Russian equities rose for the first time in three days as OAO Uralkali, the world’s largest potash producer by output, surged after a 13 percent slump.
The benchmark Micex Index added 0.1 percent to 1,403.14 by the close in Moscow, a 1.3 percent decline in the week. Uralkali gained as much as 4.3 percent, closing up 1.6 percent at 189.43 rubles. OAO Gazprom, Russia’s biggest company and natural-gas export monopoly, increased 0.7 percent to 128.80 rubles.
Russia-dedicated funds attracted $12 million in the week ended July 24, compared with $102 million in the week earlier, according to an e-mailed note from UralSib Capital, citing EPFR Global data. Uralkali lost 13 percent over four days as banks including VTB Capital and Goldman Sachs Group Inc. cut the stock’s rating. The company said July 22 it had bought about $1.3 billion of its own shares under a one-year $1.6 billion buyback program.
“The market fell for two days and now we’re seeing a return of investor interest for riskier assets,” Aleksei Belkin, who helps manage about $4.4 billion in assets as chief investment officer at Kapital Asset Management LLC, said in Moscow. “Uralkali dropped for several days, the stock is rebounding.”
Billionaire Alexander Nesis sold shares in Uralkali two weeks after the company bought out fellow shareholder Zelimkhan Mutsoev for $1.3 billion, according to three people with knowledge of the matter. The press services of Nesis’s ICT Group and Uralkali press service declined to comment. Uralkali was the Micex’s biggest weekly decliner with a 12 percent drop.
The dollar-denominated RTS Index sank 0.4 percent to 1,348.37. Crude oil retreated 1.3 percent to $104.14 a barrel in New York. Russia receives about 50 percent of its budget revenue from oil and natural gas sales. Standard & Poor’s GSCI Index of commodities dropped 0.9 percent, the third day of declines.
The Micex climbed 1.7 percent last week on speculation the U.S. Federal Reserve will keep stimulus in place. Russia’s equities trade at the cheapest valuations based on estimated earnings among 21 emerging economies tracked by Bloomberg.
While Bank Rossii kept its main rates unchanged on July 12, it introduced a one-year floating-rate facility with a starting cost of 5.75 percent, compared with its 7.5 percent fixed-rate for similar-maturity loans. Russia’s economy grew 1.6 percent in the first three months, spurring calls for easing.
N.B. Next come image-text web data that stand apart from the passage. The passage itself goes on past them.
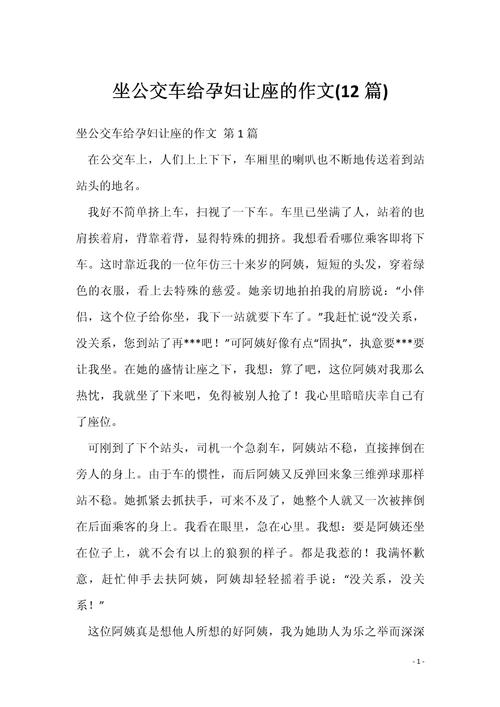 不让座初中作文300字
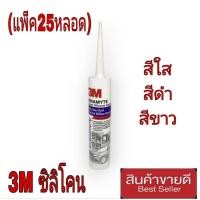 ราคา 3M กาวซิลิโคน สีดำ/สีขาว/สีใส(แพ็ค25หลอด) (25628030333)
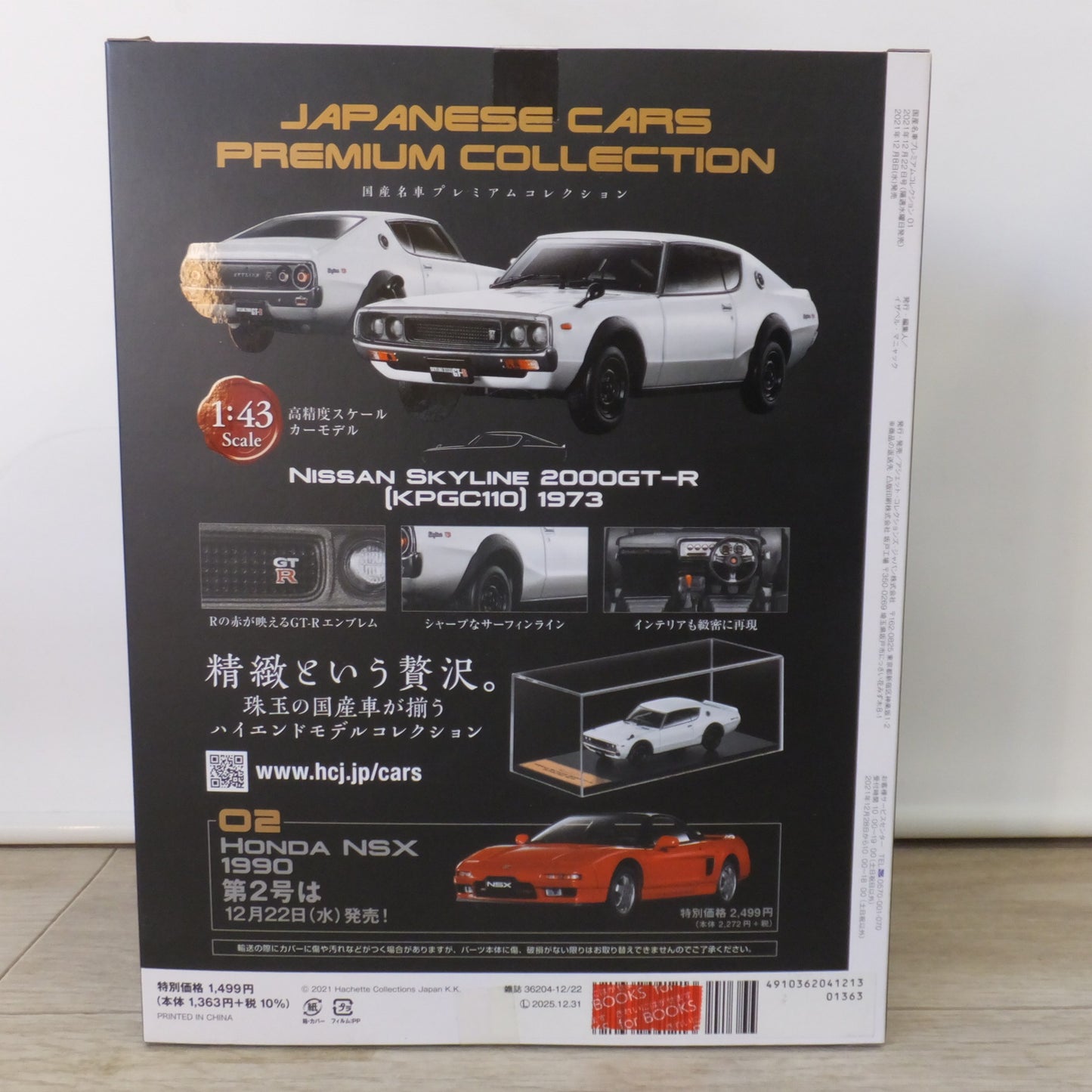 [送料無料] 未使用★アシェット hachette  国産名車プレミアムコレクション 01 日産 スカイライン 2000GT-R KPGC110 1973★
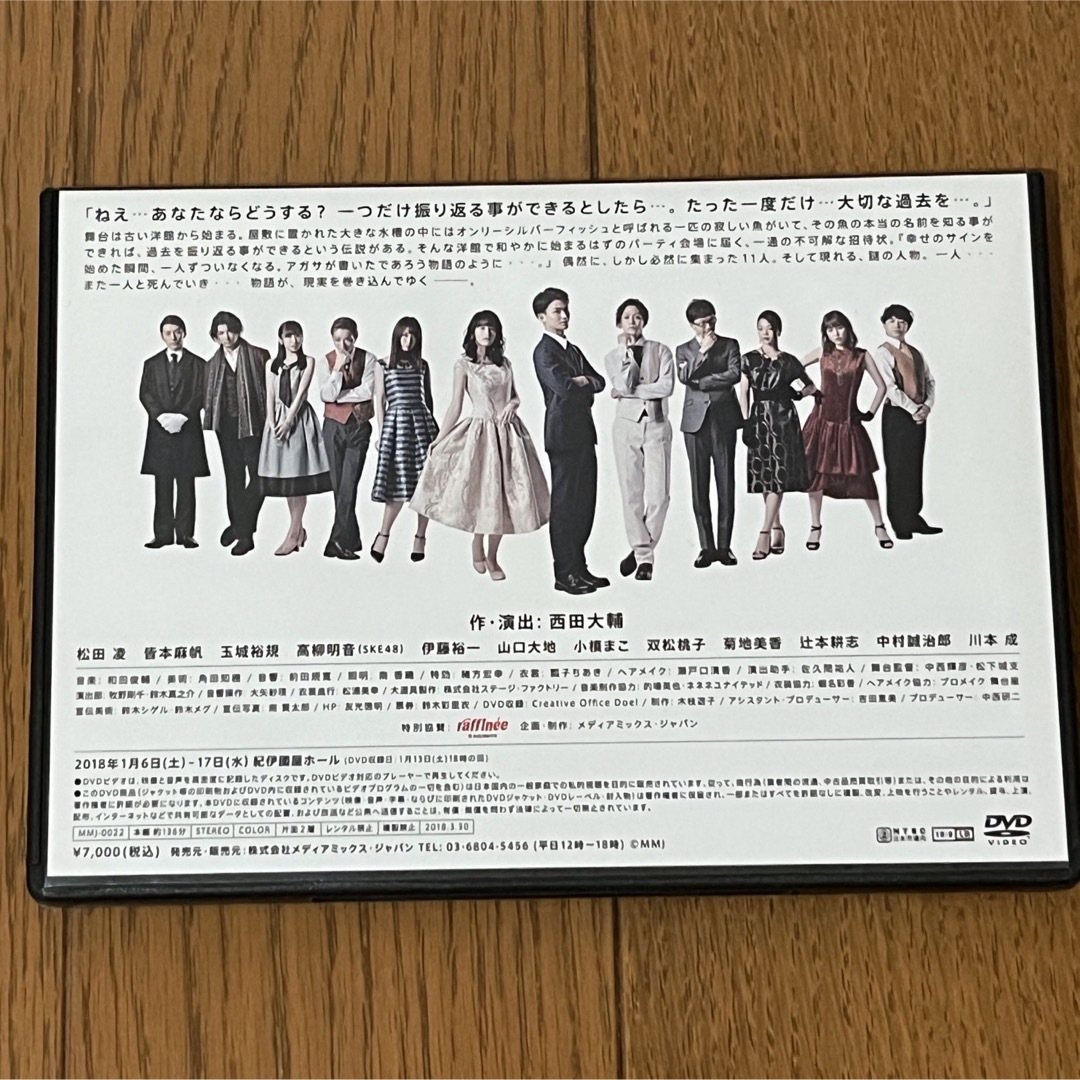 舞台 ONLY SILVER FISH DVD パンフレット 特典付き(パネル)の通販 by ... 舞台 ONLY SILVER FISH DVD パンフレット 特典付き(パネル)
The volume of shares traded on the Micex was 26 percent below the 30-day average, data compiled by Bloomberg show, while 10-day price swings fell to 12.32. The 50-member Micex’s 4.9 percent decline in 2013 compares with a 1.7 percent increase for India’s benchmark Sensex Index and a 20 percent loss for Brazil’s Ibovespa Index.
The 14-day relative strength index on the Micex climbed to 59 from 58 yesterday. The RSI measures how rapidly prices have advanced or dropped during a specified time period. Readings below 30 indicate a security may be poised to rise, while those above 70 signal a potential drop.
The Russian Volatility Index, which measures expected swings in RTS futures, fell 3.8 percent, the sixth day of declines. The Bloomberg Russia-US Equity Index of the most-traded Russian companies in the U.S. decreased 0.8 percent to 90.88, the third day of declines.
The Micex trades at 5.3 times its 12-month estimated earnings, compared with a multiple of 10 for the MSCI Emerging Markets Index.